From a recent note to clients:
Such weak growth prospects mean that in our view, Italy remains susceptible to large and sudden rises in yields and that in the event of an aggravation in market tension as a result of the problems in Spain and Greece, Italy too will most likely require some form of intervention from the ECB (which supported Italy already twice), the EFSF/ ESM and the IMF at some point.
The Citi economists outline a few reasons for their call.
- Citi’s view is that fundamentally, Italy is just not in good shape. They write, “we believe that Italy will experience a deep recession and that its long-term growth prospects will remain weak for an extended period.”
- The deep recession call assumes an Italian government that won’t be able to hit its deficit targets, causing debt-to-GDP in Italy to rise even more than it already would anyways. Citi thinks “Italy’s very large and persistent stock of public debt is likely to increase further, reaching 137% of GDP by 2014 compared to 120.6% in 2011 and expected 129.3% in 2012.”

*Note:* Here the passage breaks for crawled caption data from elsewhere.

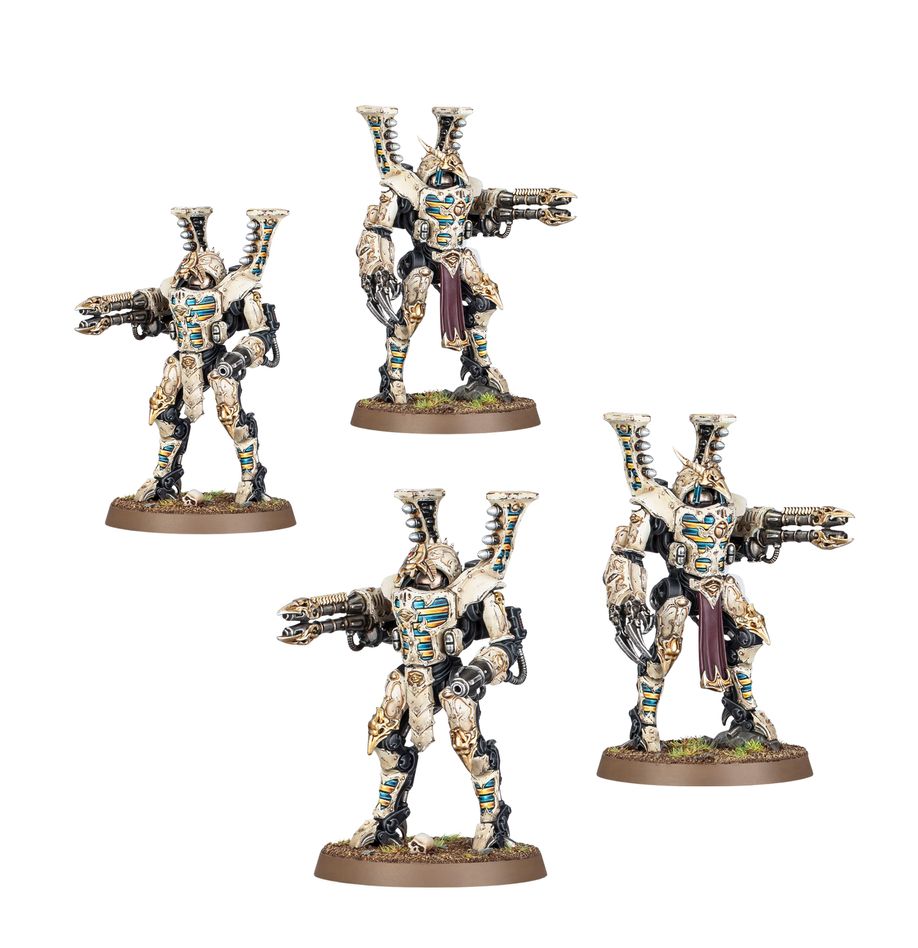 WARHAMMER 40K: THOUSAND SONS WARPFLAME THRALLBAND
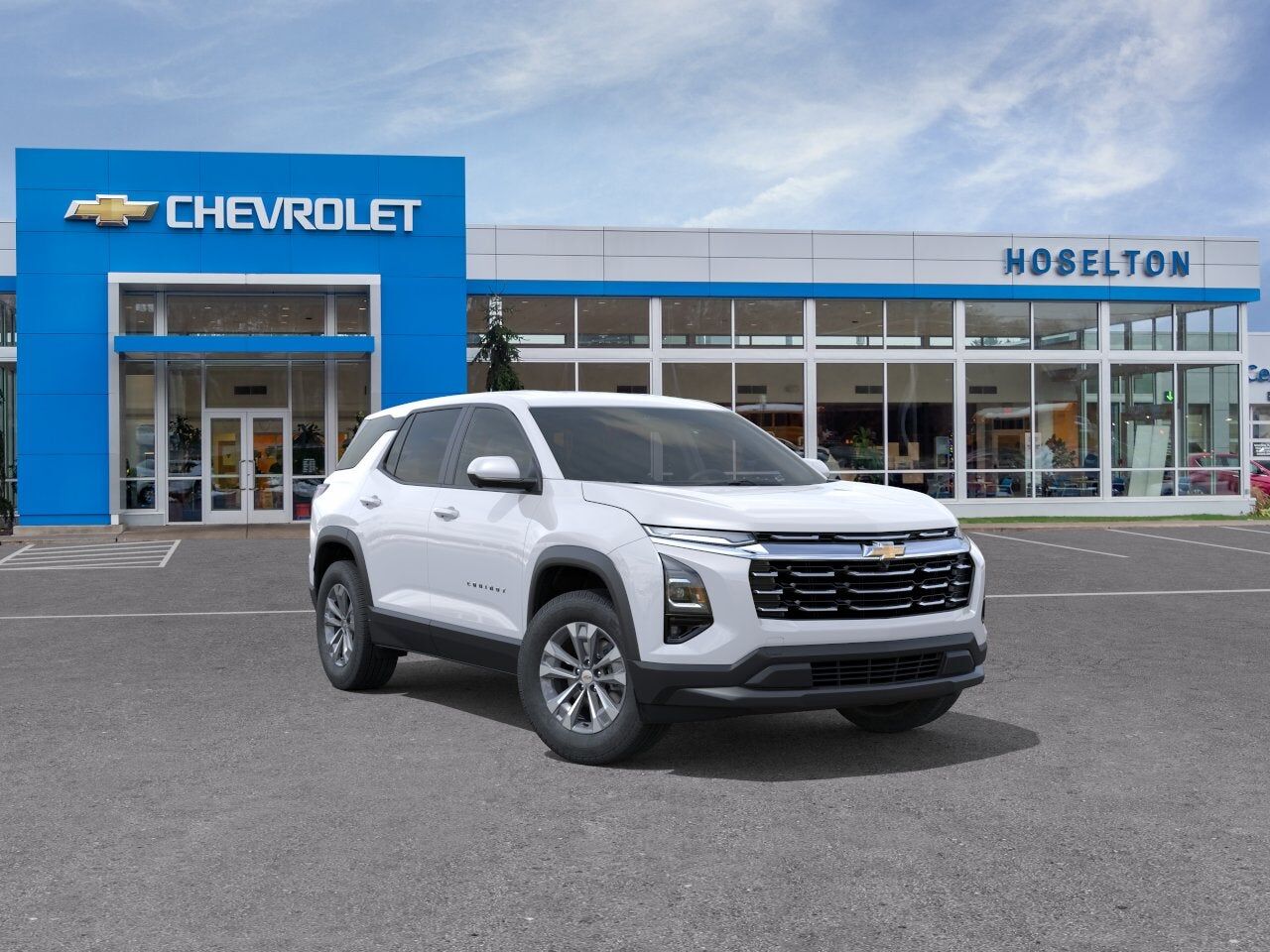 2026 CHEVROLET Equinox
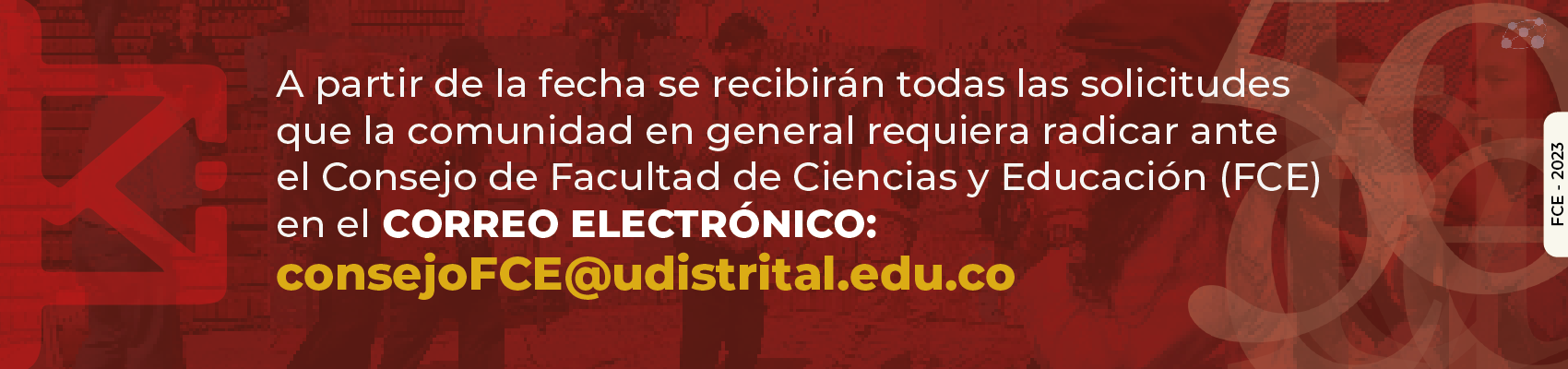 Divulgación nuevo correo institucional 2023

- Italian banks aren’t in the best shape either. Although they weren’t wrapped up in the same sort of real-estate boom that got the Spanish banking system in trouble, Citi says there are still concerns about solvency in the Italian banking system given the “relatively poor quality of the domestic loan book, large exposure to other Italian banks and the government and the lack of a large buffer of ‘excess’ capital.”
Clearly, Europe’s debt crisis is far from over.